Originally Posted by
MOH123
hmm i dont get that, nothing happens when i use that code. could you explain better? like where to i put it and stuff?
-thanks
Take his code, and add your code (to get 2 values and add them, and the add function) to where he had the commented line (your code is the red part):
Code:
#include <iostream>
using namespace std;
int add (int a, int b);
int sub (int c, int d);
int mult (int e, int f);
int divi (int g, int h);
int main() {
int one, two;
char op;
int repeat;
int a;
int b;
int c;
int d;
int select;
while(1) {
cout << "Enter the operator: ";
cin >> op;
if(op == 'q') break;
cout<<"enter two numbers: ";
cin>> a >> b;
cout<<"="<<add (a,b) <<"\n";
cout<<"\n";
cin.get();
}
return 0;
}
int add (int a,int b)
{
return a + b;
}
int sub (int c, int d)
{
return c - d;
}
int mult (int e, int f)
{
return e * f;
}
int divi (int g, int h)
{
return g / h;
}
Although doing this now only lets you use the add function, and not the subtract/multiple/divide functions. So I would add a switch statement, and if the cin variable was == d, it would go to case 'd' and divide the 2 numbers, same thing goes for m, s, and a.
Code:
#include <iostream>
using namespace std;
int add (int a, int b);
int sub (int c, int d);
int mult (int e, int f);
int divi (int g, int h);
int main() {
char op;
int a;
int b;
while (1) {
cout << "Enter the operator: ";
cin >> op;
if(op == 'q')
break;
cout<<"enter two numbers: ";
cin>> a >> b;
switch(op) {
case 'a':
cout<<"="<<add (a,b) <<"\n" << endl;
continue;
case 's':
cout<<"="<<sub (a,b) <<"\n" << endl;
continue;
case 'm':
cout<<"="<<mult (a,b) <<"\n" << endl;
continue;
case 'd':
cout<<"="<<divi (a,b) <<"\n" << endl;
continue;
default:
cout << "Nothing was entered\n" << endl;
continue;
} //end the switch statement
break;
} //end the while statement
cin.get();
return 0;
}
int add (int a,int b)
{
return a + b;
}
int sub (int c, int d)
{
return c - d;
}
int mult (int e, int f)
{
return e * f;
}
int divi (int g, int h)
{
return g / h;
}
So this basicly says it will keep asking the user the operator and the numbers to multiply, until when asked for the operator the user enters: q.
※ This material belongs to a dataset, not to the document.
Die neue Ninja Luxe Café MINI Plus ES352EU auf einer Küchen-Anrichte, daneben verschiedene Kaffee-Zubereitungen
Entering a will do the add function, m will do multiply, d will do division, and s will do subtraction. Entering nothing will go to default. The continue keyword is used to go back up to the top of the loop (top of the while statement). So after finishing the addition/etc it will go back up to the top of the while(1) and ask for the operator again.